Washington et Tel-Aviv en brouille sur le dossier nucléaire iranien ?

« Les positions israélienne et américaine ne sont plus simplement différentes, elles sont presque opposées », observe Michael Horowitz, spécialiste du Moyen-Orient à LeBeck International.

Washington et Tel-Aviv en brouille sur le dossier nucléaire iranien ?

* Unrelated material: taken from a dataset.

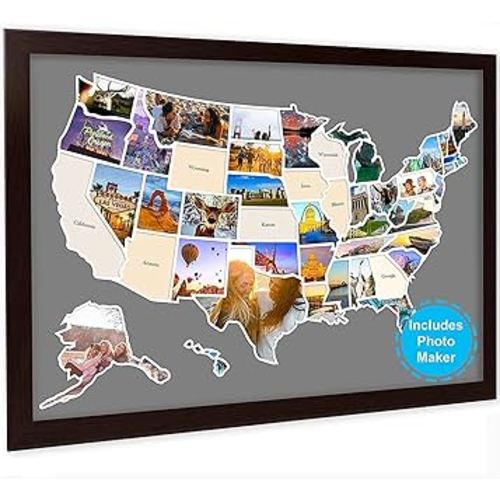 USA Photo Map, Travel Map - 24 x 36" Photo Map of The United States Includes Photo Maker, 50 States Photo Map - Gift for Travelers Couples Visited States Map - Visited All 50 States (FRAME NOT INCLUDED)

À gauche : le président Joe Biden, ici en 2019 lors d’un discours à Los Angeles (Californie). À droite, le Premier ministre israélien, Benjamin Netanyahu, à Jérusalem, en septembre 2018. Photos d’archives/AFP

Une rencontre à Washington entre des diplomates américains et plusieurs hauts représentants de l’appareil sécuritaire israélien : voilà comment Washington et Tel-Aviv tenteront de régler leurs différends autour du dossier nucléaire iranien. Signe de tension, mais également de la volonté de trouver un terrain d’entente, les réunions prévues la semaine prochaine sont le fruit d’efforts afin « d’éviter l’escalade et de promouvoir la coopération », tandis que les deux parties cultivent l’espoir de « se convaincre mutuellement et de modifier la logique d’action », estime Abdolrasool Divsallar, codirecteur de la Regional Security Initiative au sein du Middle East Directions Programme of the Robert Schuman Centre for Advanced Studies.

Côté israélien, la délégation devrait présenter ses arguments afin de limiter les pertes. « Israël a atteint un certain niveau de résignation, son objectif porte moins sur la question de l’accord que sur la nécessité de persuader les États-Unis de protéger les intérêts israéliens – il a par exemple été demandé à la délégation de ne pas discuter les détails de l’accord », commente pour L’Orient-Le Jour Aaron David Miller, ancien négociateur au sein d’administrations américaines républicaines et démocrates. Côté américain, il s’agira de poursuivre l’effort de coordination déjà entamé. « Les deux parties comprennent qu’il est de leur intérêt de combler l’écart dans la mesure du possible, tout en ayant conscience que des différences puissent subsister », estime Naysan Rafati, analyste principal sur l’Iran à l’International Crisis Group, pour qui les avancées de Vienne sont relatives. Car sur le dossier iranien, « les positions israélienne et américaine ne sont plus simplement différentes, elles sont presque opposées : tandis que l’administration Biden cherche à réintégrer l’accord, Israël souhaite que Washington use des acquis de l’administration précédente afin de maximiser les concessions du côté iranien et étendre le deal – ou carrément éviter une réintégration de l’accord », estime Michael Horowitz, spécialiste du Moyen-Orient à LeBeck International. Les deux alliés s’accordent certes sur l’objectif général, celui d’un endiguement de l’arsenal nucléaire iranien, mais les méthodes pour y arriver sont un sujet de discorde depuis presque dix ans.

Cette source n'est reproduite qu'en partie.